### Task brief
Set down each line of the material that follows exactly, and leave its pictures out.

Data block Start Marker

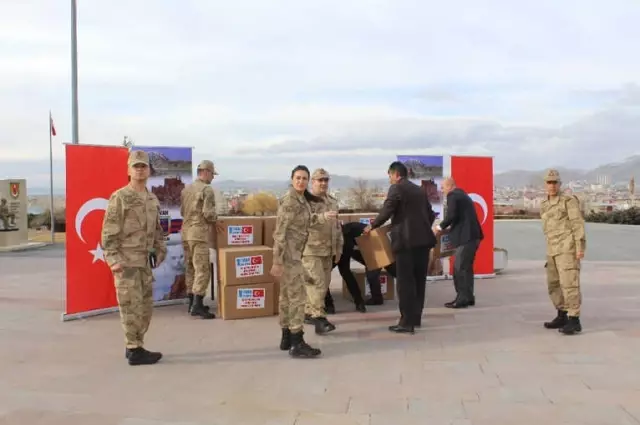 Vanlı Kadınlardan Mehmetçik'e 'Sıcak' Destek Vanlı Kadınlardan Mehmetçik'e 'Sıcak' Destek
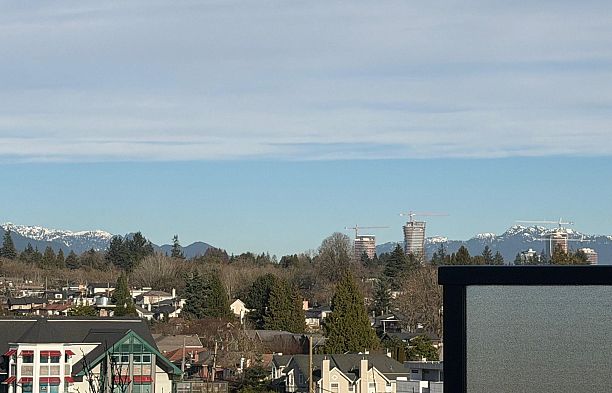 803 8555 Granville Street S.W. Marine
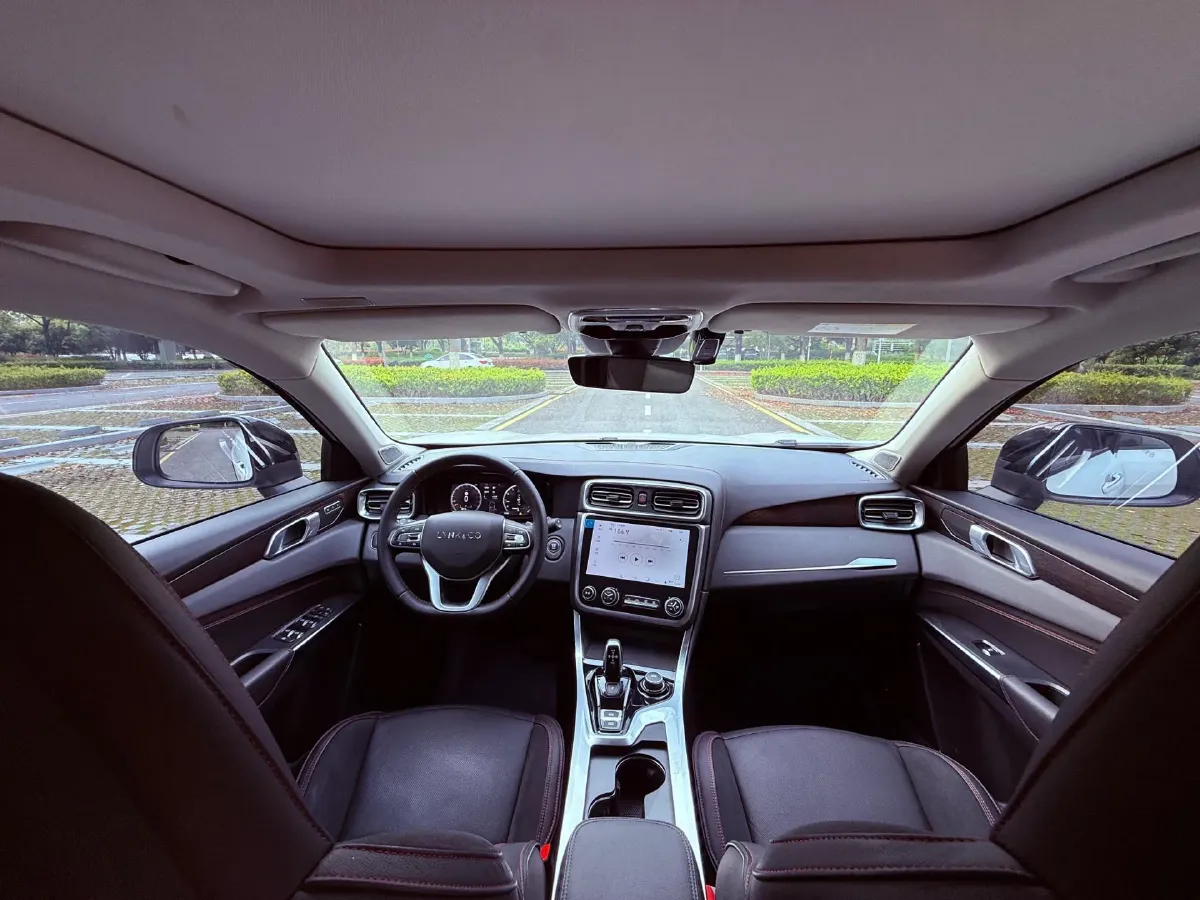 2017 Foton Sauvana 2.0T 218HP L4 6AT,autocango,china used car exporter,china ev exporter,chinese used car exporter,chinese used ev exporter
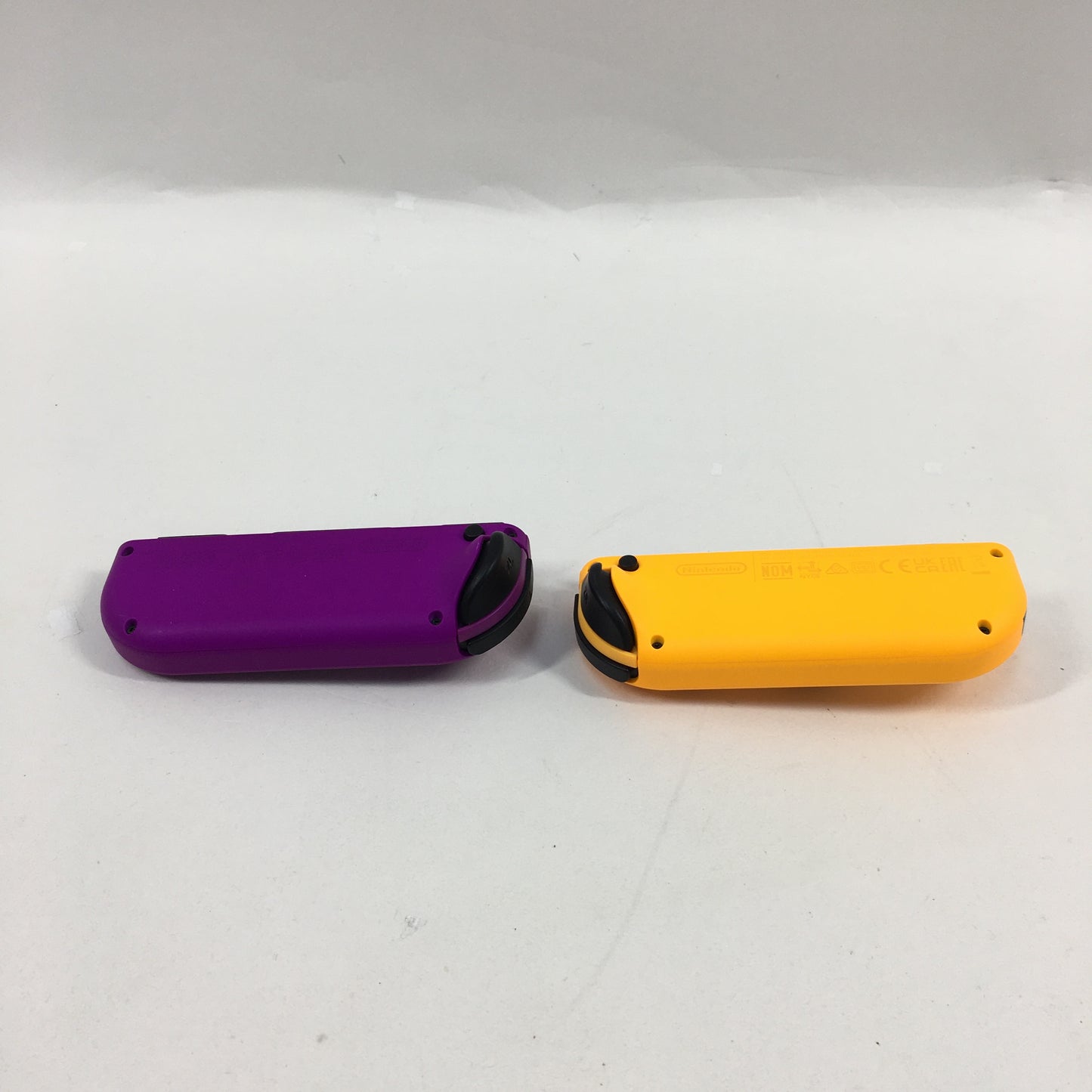 Nintendo Switch Joy-Cons Pair Controller HAC-015/HAC-016 Neon Purple/Neon Orange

Data block End Marker

### Exercise result
 Vanlı Kadınlardan Mehmetçik'e 'Sıcak' Destek Vanlı Kadınlardan Mehmetçik'e 'Sıcak' Destek
 803 8555 Granville Street S.W. Marine
 2017 Foton Sauvana 2.0T 218HP L4 6AT,autocango,china used car exporter,china ev exporter,chinese used car exporter,chinese used ev exporter
 Nintendo Switch Joy-Cons Pair Controller HAC-015/HAC-016 Neon Purple/Neon Orange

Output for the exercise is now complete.